The heart of the city, Old Town is probably where you’ll spend most of your time wandering around and sightseeing, so it’s a super convenient place to stay. The Mekong Riverfront: is the perfect combination of scenic and central, you’ll be able to enjoy gorgeous views and still be very nearby the Old Town. If you’re more keen on peace, quiet, and authenticity, the Nam Khan Riverfront is a smaller, quieter, and cheaper area, and it still has gorgeous scenery.
The Belle Rive Boutique Hotel will allow you to enjoy epic views and an authentic local atmosphere right on the Mekong Riverfront. The mid-range hotel also offers free bicycles and a delicious breakfast. Located in the historic center, My Dream Boutique Resort is a great budget option that is conveniently and centrally located. After a full day of sightseeing you can relax in their garden or cool down in the swimming pool.
How to get to Luang Prabang
There are plenty of options for getting to Luang Prabang – you can fly or catch a bus, train, or even a boat. The city’s airport is only four kilometers from the center and it’s an international airport which is super convenient.
However, if you’re flying from somewhere that doesn’t go directly to Luang Prabang, you can also catch a bus or train. Buses are very common (and affordable) from within Laos and from neighboring countries.
Or, if you really want to enjoy the scenery, you can opt for the slow boat on the Mekong River that’ll take you to the city from Huay Xai at the Thai border.
Best Time to Visit Luang Prabang
As it is the dry season when the heat and humidity are much lower, most people visit Luang Prabang between November and March. Temperatures of 26 to 32°C (79 to 89°F) are ideal for ambling about its old town and visiting the stunning Kuang Si Falls.
Prices are higher during this period though due to all the crowds that converge on the city. A number of important celebrations like Boun Pha Vet and Boun Makha Bousa also take place as do the Hmong and Khmu New Year’s festivities held in the villages around it.

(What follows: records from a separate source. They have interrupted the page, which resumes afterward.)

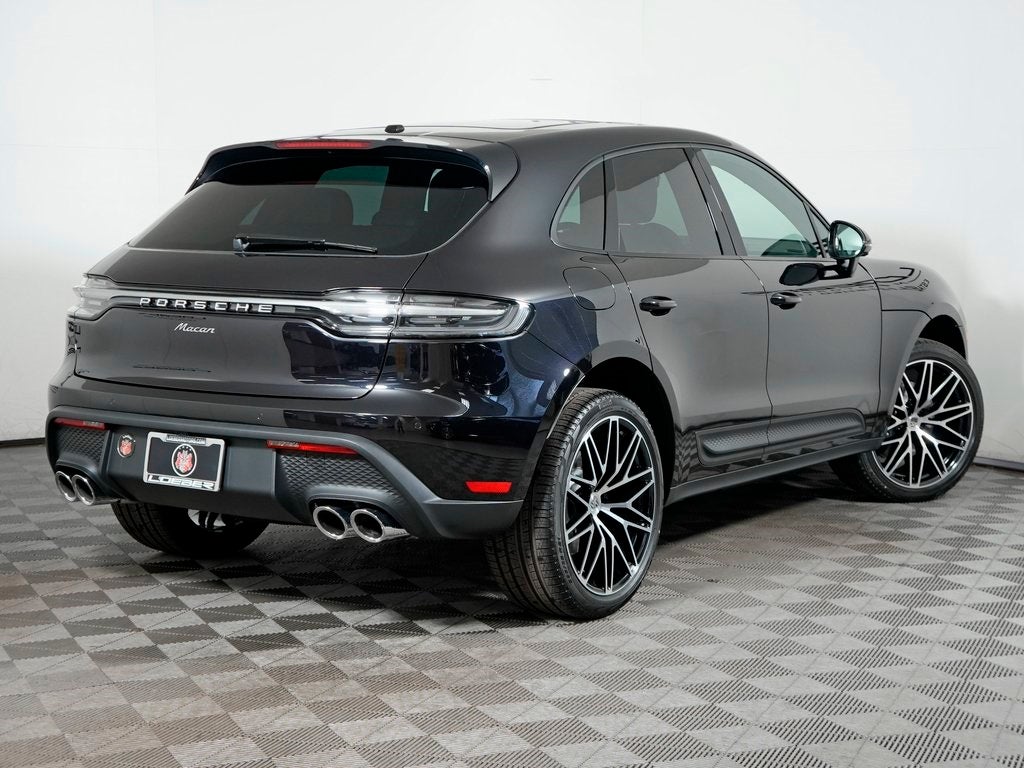 2026 Porsche Macan Base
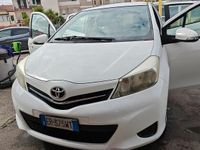 Usata Toyota Yaris Active 69 CV (50 kW) 2013 Bianco Utilitaria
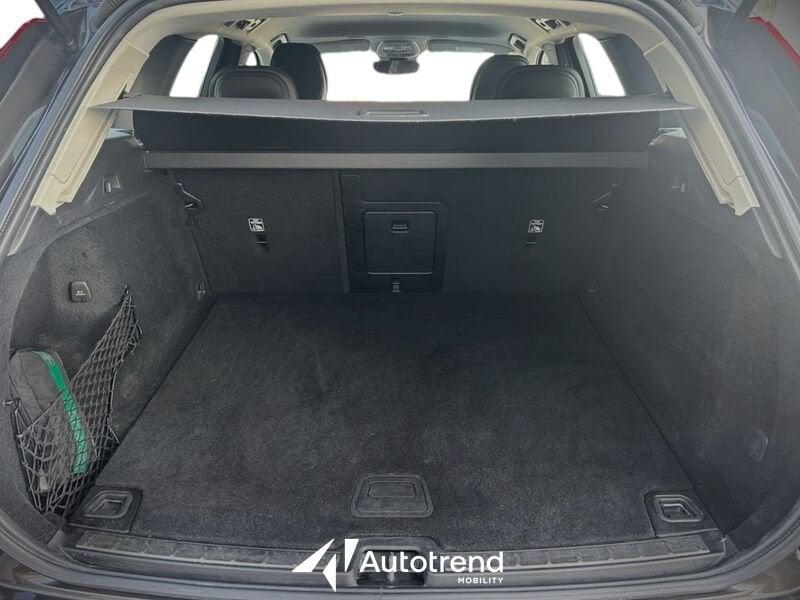 Volvo XC60 B4 197+14 CV AWD Automatica Mild Hybrid Momentum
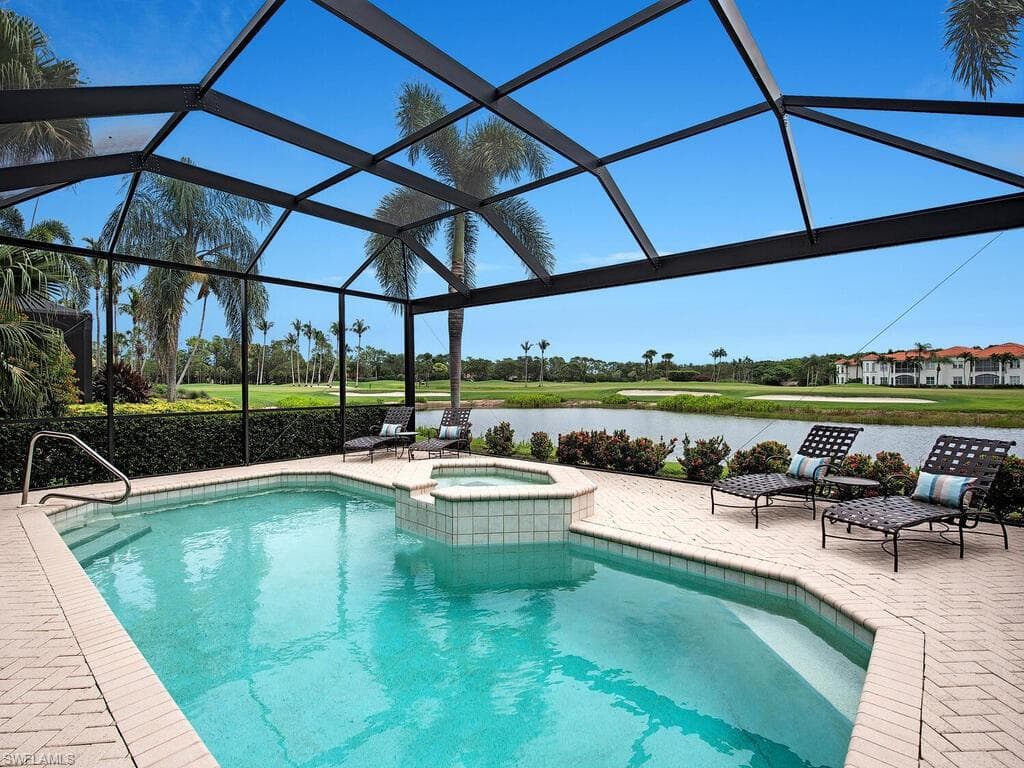 2270 SILVER PALM PL NAPLES, FL 34105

While April also has the Pi Mao or Lao New Year parties to enjoy, the city is already getting a lot hotter with more rain falling. As farmers set fire to their fields, the countryside is not as attractive and the air quality is poor.
May through October is the wet season when most people stay away due to all the torrential downpours. Landslides can occur with the Mekong River sometimes even flooding in August and September. But the exciting Boat Racing Festival and enchanting Light Boat Festival are nice excuses to visit. Prices are also lower with barely any crowds being around.